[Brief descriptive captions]

-- Opening Marker --

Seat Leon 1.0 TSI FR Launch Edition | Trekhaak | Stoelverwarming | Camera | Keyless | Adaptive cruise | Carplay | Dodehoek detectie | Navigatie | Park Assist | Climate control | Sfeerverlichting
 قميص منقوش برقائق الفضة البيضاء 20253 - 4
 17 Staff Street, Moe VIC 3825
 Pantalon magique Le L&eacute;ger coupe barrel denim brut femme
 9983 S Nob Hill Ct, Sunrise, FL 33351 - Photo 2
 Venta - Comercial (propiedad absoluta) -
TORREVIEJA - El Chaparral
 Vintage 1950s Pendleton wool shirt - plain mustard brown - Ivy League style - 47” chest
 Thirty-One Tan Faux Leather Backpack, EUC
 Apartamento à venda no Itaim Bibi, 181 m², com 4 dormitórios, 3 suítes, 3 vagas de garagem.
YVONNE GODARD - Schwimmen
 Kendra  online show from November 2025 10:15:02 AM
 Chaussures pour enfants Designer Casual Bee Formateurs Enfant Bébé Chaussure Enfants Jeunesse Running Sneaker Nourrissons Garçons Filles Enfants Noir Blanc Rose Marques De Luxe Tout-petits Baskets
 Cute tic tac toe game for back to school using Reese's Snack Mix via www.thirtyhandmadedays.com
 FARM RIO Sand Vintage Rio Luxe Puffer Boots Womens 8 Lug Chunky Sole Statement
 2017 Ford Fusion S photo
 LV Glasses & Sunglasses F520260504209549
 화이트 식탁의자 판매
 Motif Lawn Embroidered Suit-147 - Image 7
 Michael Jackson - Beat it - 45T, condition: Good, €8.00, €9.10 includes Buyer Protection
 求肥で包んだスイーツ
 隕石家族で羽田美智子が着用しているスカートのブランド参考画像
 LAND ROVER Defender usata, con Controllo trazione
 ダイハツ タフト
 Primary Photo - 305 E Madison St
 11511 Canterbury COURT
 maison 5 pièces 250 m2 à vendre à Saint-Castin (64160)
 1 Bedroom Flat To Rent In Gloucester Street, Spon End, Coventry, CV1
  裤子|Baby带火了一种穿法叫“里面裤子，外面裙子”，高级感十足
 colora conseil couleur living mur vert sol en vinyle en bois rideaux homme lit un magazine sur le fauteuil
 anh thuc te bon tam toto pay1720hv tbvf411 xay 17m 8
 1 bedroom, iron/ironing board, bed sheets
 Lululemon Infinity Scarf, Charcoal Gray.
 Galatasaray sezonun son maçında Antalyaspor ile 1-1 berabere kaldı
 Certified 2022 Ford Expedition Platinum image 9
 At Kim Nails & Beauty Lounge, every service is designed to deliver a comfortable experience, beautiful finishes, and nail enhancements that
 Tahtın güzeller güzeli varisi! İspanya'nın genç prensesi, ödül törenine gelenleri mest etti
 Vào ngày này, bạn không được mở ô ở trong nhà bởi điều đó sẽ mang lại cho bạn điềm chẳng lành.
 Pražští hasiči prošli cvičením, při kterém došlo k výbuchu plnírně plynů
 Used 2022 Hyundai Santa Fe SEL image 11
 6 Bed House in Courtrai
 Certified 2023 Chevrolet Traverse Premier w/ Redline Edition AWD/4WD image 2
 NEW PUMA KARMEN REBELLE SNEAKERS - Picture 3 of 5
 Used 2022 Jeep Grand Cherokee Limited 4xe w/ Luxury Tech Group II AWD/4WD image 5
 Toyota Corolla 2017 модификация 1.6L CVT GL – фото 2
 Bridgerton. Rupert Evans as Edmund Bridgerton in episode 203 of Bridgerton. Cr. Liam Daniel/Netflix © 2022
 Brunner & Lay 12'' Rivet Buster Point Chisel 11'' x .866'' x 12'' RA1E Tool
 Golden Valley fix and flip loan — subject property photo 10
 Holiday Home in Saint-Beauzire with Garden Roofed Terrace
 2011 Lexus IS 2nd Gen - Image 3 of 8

-- Closing Marker --

## Assignment
Each line carrying the string "Street" should be copied out from the entries.

## Task output
 17 Staff Street, Moe VIC 3825
 1 Bedroom Flat To Rent In Gloucester Street, Spon End, Coventry, CV1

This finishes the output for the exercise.